Authors:
Elias Olivares-Benitez
1
;
Ana Paula Orozco Esparza
2
;
Juan Orejel
1
and
Catya Zuniga
3
Affiliations:
1
Faculty of Engineering, Universidad Panamericana, Alvaro del Portillo 49, Zapopan 45010, Mexico
;
2
Faculty of Business Administration and Economics, European University Viadrina, Frankfurt (Oder), Germany
;
3
Faculty of Technology, Amsterdam University of Applied Sciences, Amsterdam, The Netherlands
Keyword(s):
Airline Profit, Overbooking, No-Show, Seat Inventory, Airplane Selection.
Abstract:
This research presents a model for airline profit optimization considering information such as demand forecasts, seat inventory, operational costs, overbooking penalties, expected no-shows, and time-dependent fare classes.
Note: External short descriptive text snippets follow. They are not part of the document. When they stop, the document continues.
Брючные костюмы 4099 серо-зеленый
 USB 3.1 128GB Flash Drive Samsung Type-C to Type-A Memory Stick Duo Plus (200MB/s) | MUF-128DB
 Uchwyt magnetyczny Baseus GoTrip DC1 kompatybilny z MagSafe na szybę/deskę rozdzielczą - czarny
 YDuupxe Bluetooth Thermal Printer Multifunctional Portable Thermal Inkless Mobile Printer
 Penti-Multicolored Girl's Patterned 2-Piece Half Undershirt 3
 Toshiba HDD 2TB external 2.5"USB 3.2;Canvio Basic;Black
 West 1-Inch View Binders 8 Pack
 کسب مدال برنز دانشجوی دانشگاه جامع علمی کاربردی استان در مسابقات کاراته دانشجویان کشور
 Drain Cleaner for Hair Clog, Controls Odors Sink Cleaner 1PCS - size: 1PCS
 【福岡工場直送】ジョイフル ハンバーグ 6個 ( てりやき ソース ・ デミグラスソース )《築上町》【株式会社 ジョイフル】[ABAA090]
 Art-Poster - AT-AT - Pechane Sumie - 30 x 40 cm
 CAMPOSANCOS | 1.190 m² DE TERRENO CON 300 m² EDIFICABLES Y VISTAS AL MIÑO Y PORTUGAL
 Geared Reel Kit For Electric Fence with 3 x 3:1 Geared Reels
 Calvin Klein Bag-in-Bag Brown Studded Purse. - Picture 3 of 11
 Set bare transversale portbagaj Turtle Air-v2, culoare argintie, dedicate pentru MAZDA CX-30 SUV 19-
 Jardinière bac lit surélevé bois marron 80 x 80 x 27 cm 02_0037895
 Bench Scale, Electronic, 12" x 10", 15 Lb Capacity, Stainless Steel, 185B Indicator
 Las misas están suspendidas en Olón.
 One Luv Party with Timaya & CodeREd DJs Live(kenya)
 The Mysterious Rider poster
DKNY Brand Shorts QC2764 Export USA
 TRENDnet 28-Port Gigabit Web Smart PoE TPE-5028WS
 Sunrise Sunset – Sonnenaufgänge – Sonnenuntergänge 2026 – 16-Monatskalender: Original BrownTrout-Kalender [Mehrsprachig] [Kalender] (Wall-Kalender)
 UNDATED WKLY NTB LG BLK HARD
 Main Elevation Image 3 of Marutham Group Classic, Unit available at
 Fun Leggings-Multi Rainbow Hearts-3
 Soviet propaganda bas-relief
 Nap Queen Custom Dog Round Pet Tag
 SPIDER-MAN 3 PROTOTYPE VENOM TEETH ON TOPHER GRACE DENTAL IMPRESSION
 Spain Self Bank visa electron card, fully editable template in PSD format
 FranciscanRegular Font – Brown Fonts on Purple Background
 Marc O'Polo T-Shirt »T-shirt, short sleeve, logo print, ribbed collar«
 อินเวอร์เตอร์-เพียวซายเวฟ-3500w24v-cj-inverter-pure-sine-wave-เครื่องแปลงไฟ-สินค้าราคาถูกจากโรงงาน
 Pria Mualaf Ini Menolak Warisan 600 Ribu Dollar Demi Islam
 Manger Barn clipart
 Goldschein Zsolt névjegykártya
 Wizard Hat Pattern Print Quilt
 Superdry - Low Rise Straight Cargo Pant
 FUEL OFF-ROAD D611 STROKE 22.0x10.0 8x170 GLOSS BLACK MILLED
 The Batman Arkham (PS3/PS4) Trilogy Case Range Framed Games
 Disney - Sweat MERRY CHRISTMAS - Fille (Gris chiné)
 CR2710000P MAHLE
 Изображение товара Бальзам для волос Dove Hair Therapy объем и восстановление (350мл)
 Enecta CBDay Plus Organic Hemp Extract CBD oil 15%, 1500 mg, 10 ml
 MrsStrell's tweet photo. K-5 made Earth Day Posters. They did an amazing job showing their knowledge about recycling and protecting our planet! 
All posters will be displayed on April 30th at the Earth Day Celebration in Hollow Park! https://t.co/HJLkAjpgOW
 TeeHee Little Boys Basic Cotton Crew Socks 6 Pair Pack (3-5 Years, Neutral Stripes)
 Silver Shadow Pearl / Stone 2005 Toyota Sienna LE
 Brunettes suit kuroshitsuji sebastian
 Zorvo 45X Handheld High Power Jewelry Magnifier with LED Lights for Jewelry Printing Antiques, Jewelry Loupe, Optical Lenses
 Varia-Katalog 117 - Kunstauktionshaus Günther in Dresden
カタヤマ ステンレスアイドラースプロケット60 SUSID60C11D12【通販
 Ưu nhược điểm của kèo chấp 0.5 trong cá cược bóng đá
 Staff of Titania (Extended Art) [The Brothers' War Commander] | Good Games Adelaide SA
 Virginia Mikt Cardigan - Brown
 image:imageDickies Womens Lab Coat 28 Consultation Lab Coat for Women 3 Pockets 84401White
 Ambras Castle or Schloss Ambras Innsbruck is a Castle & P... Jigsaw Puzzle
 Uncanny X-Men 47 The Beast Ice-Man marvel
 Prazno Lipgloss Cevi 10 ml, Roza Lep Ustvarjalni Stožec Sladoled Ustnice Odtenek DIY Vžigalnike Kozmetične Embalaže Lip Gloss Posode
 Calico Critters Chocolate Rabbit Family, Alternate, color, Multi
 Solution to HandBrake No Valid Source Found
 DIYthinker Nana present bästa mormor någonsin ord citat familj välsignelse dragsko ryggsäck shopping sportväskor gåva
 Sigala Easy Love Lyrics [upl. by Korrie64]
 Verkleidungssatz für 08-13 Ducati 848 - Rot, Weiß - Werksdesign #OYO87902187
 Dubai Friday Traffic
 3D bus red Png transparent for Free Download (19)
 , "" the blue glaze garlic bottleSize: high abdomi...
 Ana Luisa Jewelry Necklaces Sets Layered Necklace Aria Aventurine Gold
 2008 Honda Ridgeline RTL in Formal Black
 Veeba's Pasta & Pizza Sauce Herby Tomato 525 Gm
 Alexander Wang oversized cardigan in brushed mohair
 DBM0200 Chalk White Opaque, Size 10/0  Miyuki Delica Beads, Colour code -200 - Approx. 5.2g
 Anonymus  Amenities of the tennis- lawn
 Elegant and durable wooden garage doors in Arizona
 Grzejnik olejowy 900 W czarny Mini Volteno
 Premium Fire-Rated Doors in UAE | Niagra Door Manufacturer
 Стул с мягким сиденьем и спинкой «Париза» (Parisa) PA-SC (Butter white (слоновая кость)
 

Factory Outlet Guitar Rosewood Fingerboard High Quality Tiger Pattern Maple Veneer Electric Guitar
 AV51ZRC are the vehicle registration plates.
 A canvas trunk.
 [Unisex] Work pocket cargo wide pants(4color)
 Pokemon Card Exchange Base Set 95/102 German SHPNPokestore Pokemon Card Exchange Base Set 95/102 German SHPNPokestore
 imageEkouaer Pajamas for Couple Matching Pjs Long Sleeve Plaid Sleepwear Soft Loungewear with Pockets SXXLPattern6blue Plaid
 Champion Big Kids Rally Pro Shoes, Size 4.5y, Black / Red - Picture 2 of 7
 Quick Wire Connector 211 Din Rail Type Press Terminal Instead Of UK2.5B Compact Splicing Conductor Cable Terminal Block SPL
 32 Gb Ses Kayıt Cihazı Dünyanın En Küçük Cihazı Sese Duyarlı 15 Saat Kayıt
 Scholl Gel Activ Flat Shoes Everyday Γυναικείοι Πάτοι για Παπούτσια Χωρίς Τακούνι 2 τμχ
The main decisions in the model are the selection of the aircraft, the number of seats sold per fare, including overbooking, and the number of denied seats. The model incorporates probabilistic information, like the expected demand and the expected proportion of no-shows. The model is constructed as a deterministic mixed-integer program. Some data was estimated using information acquired from different industry sources, and some data was set with reasonable estimations. A factorial experiment was designed to understand the importance of different parameters. The input variables were the overbooking compensation penalty, the no-show probabilities per fare and time block, and the seat demand. Using a statistical analysis, it was determined that the no-show estimation
has the most significant impact on the total revenue, and the demand forecast after that. These results highlight the importance of precise estimations to increase the airline’s profit.